The practice looks like this: when something doesn’t happen, ask yourself two questions. First — what actually got in the way? Be specific and fair. Don’t exaggerate the obstacle, but don’t dismiss it either. Second — what part of this was within my control? There’s almost always something. Maybe it was small. Maybe it was just five minutes of preparation you skipped. That’s the part that belongs to you.

Viktor Frankl, writing from his experience in Nazi concentration camps, made the point that even in the most extreme deprivation, the last human freedom is the choice of how to respond. He wasn’t saying suffering is easy. He was saying that claiming ownership of your response — even a small part of it — is what keeps your dignity intact. That’s not self-punishment. That’s the opposite.
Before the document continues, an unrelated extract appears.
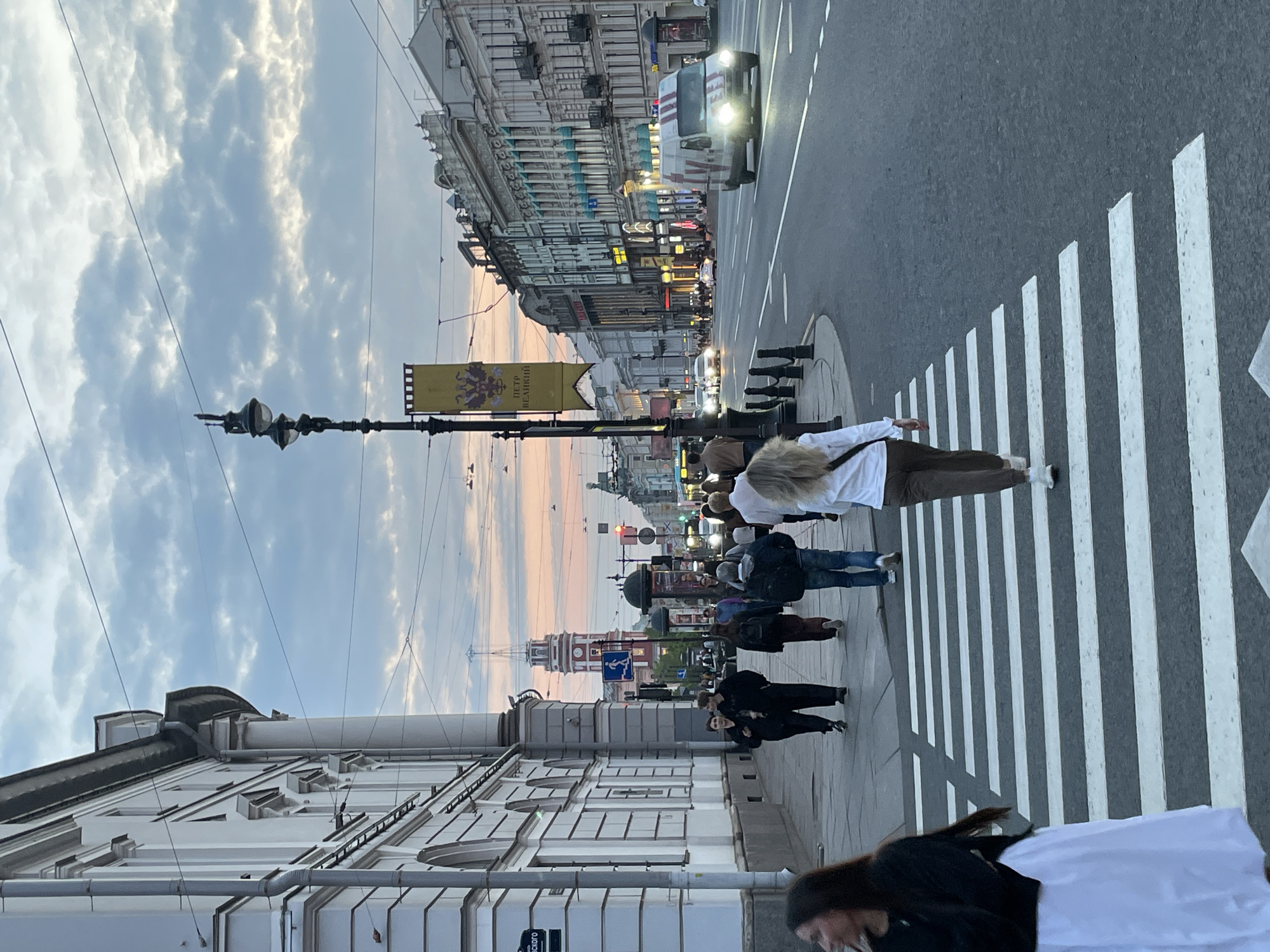 The image captures a street scene in Saint Petersburg, Russia, during daylight. Pedestrians are crossing a zebra-striped crosswalk. Buildings line the street, with a view towards a tower in the distance. A street lamp and a banner with text in Russian are visible. A vehicle is driving on the road. The sky is partly cloudy.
What to Do Instead of Making Excuses

The alternative to an excuse isn’t silence or self-blame. It’s a better kind of conversation with yourself — and sometimes with other people. Here are a few practical habits that help:

  • Name the truth plainly. Instead of “I didn’t have time,” try “I didn’t make it a priority.” It stings a little. That sting is information.
  • Separate the obstacle from the response. The traffic was real. Leaving earlier was possible. Both things can be true.
  • Ask what one thing you can do differently next time. Not a sweeping reform. Just one thing.
  • Stop over-explaining to others. When you constantly justify yourself to people, you’re practicing excuse-making. Most people respect someone who just says, “I dropped the ball on that. I’ll fix it.”
  • Watch your language. “I can’t” and “I won’t” are different statements. Use the accurate one. It changes how you think about the choice.

Benjamin Franklin, in his Autobiography, described a system he used to track his own character — not to shame himself, but to see clearly where he was falling short. He expected to fail. He just wanted to fail less over time. That’s a sane and honest approach to self-improvement. Not perfection. Progress.
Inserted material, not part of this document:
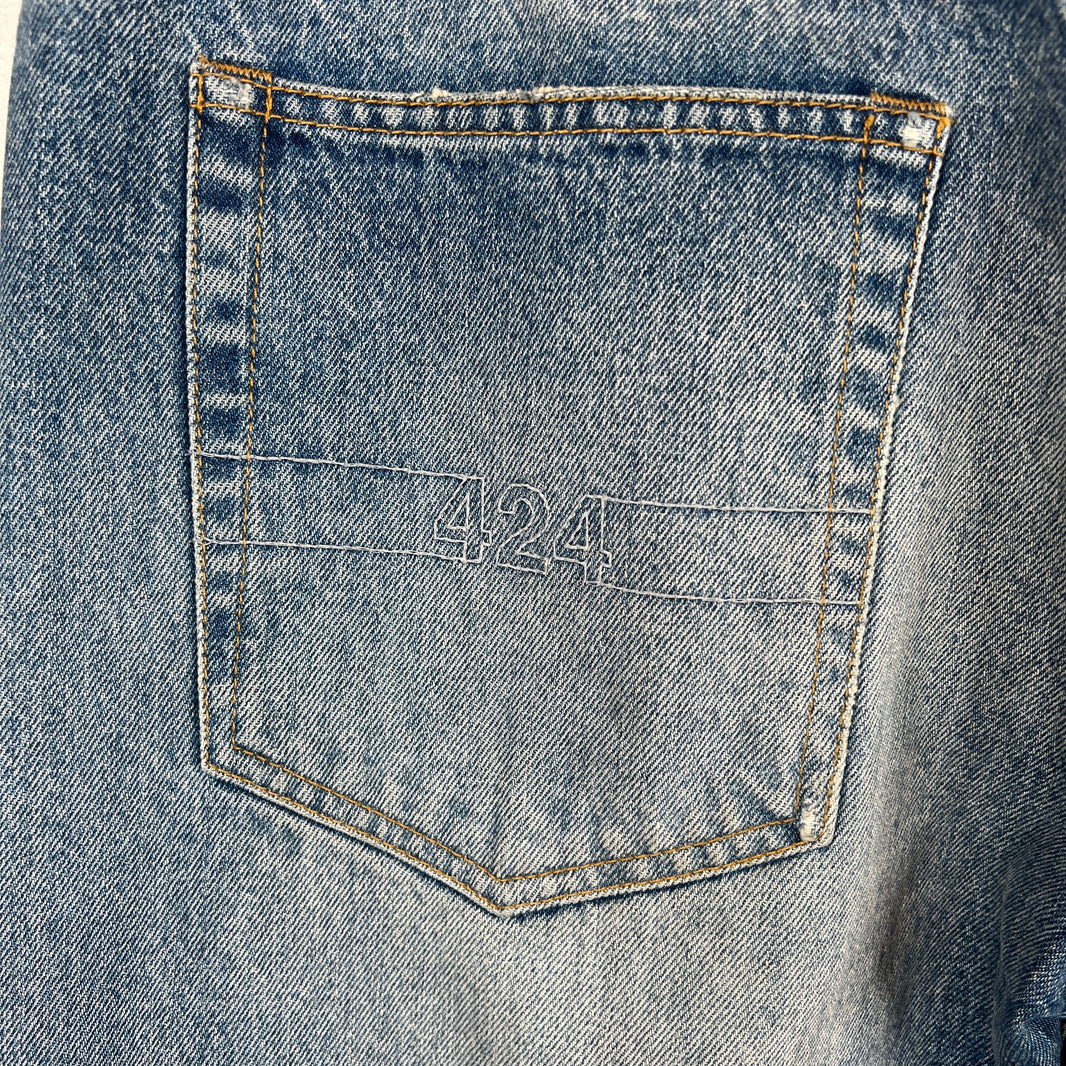 424 Distressed Light Wash Denim Jeans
The Quiet Cost of Letting It Slide

The real damage from habitual excuses isn’t to your reputation or your output. It’s to your self-respect. When you know you’re capable of more — and most of us know it — and you keep explaining why you didn’t do it, some part of you keeps score. Not in a dramatic way. Just quietly. Over years, that score can start to weigh something.

The good news is that this works in reverse. Every time you don’t make the excuse — every time you show up when it would have been easy not to — that also registers. You build trust with yourself. That trust is worth more than almost anything. It’s what lets you say, when something hard is in front of you, “I know I can handle this.” Not because someone told you. Because you showed yourself.

One Thing to Remember

You’re going to make excuses. Everyone does. The goal isn’t to be someone who never explains himself — it’s to be someone who tells the truth about what happened and owns the part that was his. Start with the next small thing in front of you. Don’t explain it away. Do it, or decide honestly not to. That’s the whole practice.

Sources

  • Aurelius, Marcus. Meditations. c. 180 AD.
  • Epictetus. Enchiridion. c. 125 AD.
  • Frankl, Viktor. Man’s Search for Meaning. 1946.
  • Franklin, Benjamin. The Autobiography of Benjamin Franklin. 1791.